Task objective
Taking the material as a whole, state how many of its lines contain "foto". Write the number and nothing more.

Extracted data
┌──
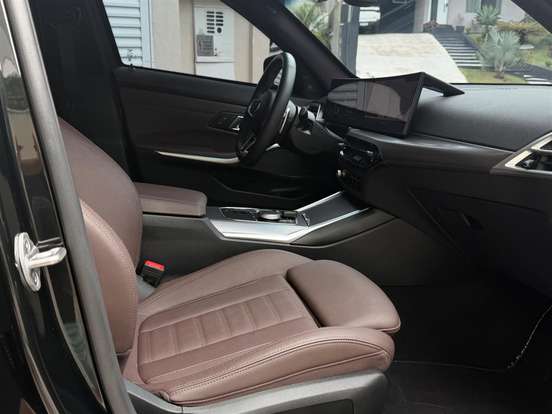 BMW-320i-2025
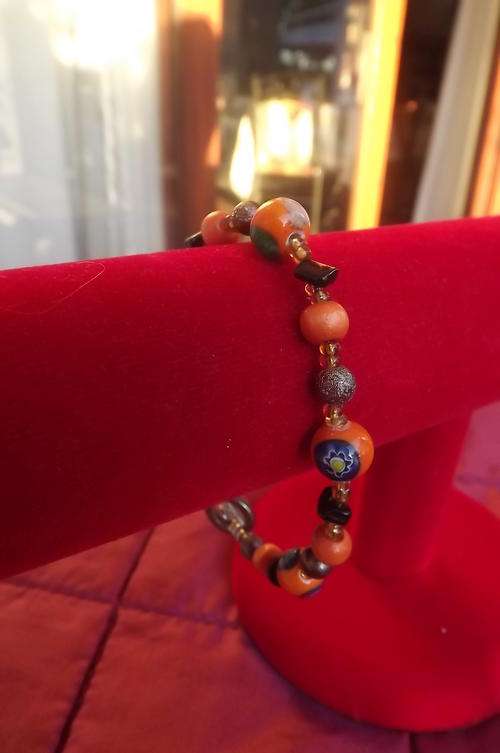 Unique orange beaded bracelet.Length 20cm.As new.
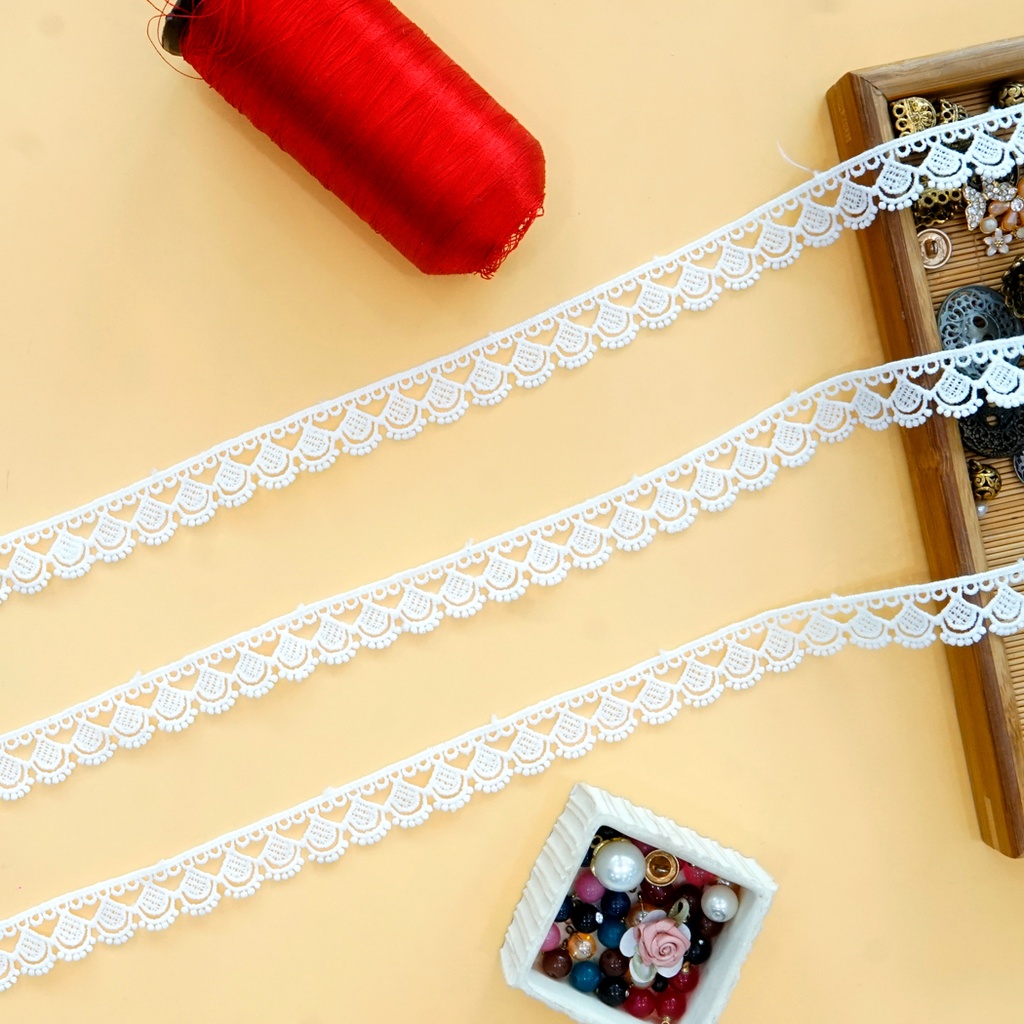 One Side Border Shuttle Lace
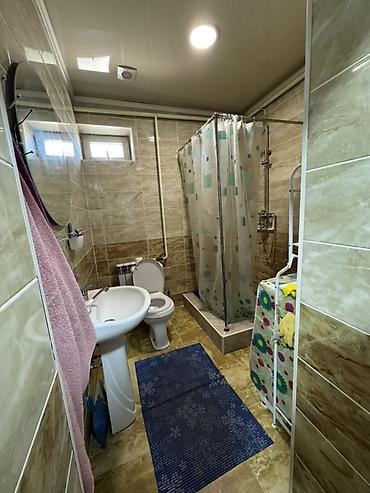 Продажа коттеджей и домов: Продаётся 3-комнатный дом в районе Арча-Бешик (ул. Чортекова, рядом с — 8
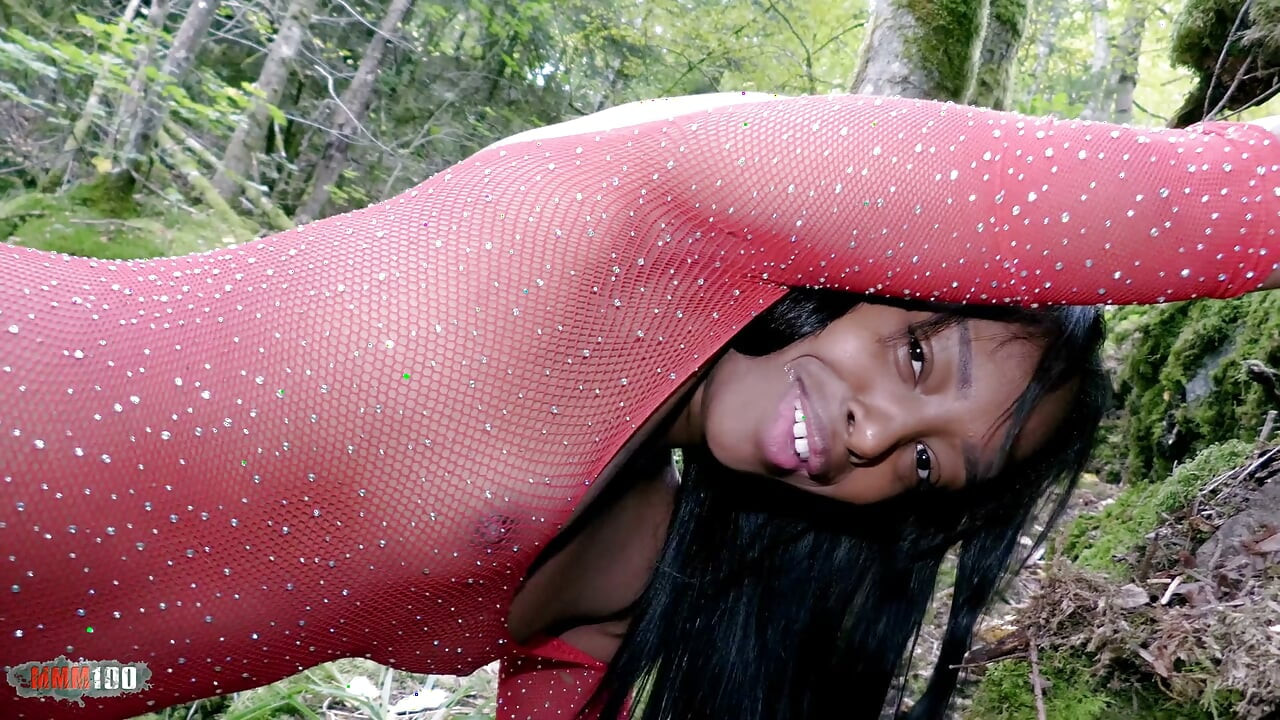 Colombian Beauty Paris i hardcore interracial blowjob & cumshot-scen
└──
┌──
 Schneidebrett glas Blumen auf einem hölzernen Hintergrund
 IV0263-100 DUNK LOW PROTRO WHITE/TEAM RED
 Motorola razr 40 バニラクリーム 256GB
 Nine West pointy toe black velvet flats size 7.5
└──
┌──
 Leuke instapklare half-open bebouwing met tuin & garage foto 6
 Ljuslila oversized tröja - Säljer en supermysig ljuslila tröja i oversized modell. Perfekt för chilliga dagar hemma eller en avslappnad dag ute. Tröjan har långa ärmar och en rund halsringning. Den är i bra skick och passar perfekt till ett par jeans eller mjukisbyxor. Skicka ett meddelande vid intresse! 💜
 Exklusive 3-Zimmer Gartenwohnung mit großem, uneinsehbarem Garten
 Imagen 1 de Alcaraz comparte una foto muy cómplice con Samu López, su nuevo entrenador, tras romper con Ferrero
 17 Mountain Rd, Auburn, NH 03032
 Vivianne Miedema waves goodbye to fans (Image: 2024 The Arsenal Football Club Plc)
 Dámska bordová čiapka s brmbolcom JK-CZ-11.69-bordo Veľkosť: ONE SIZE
└──
Task output
2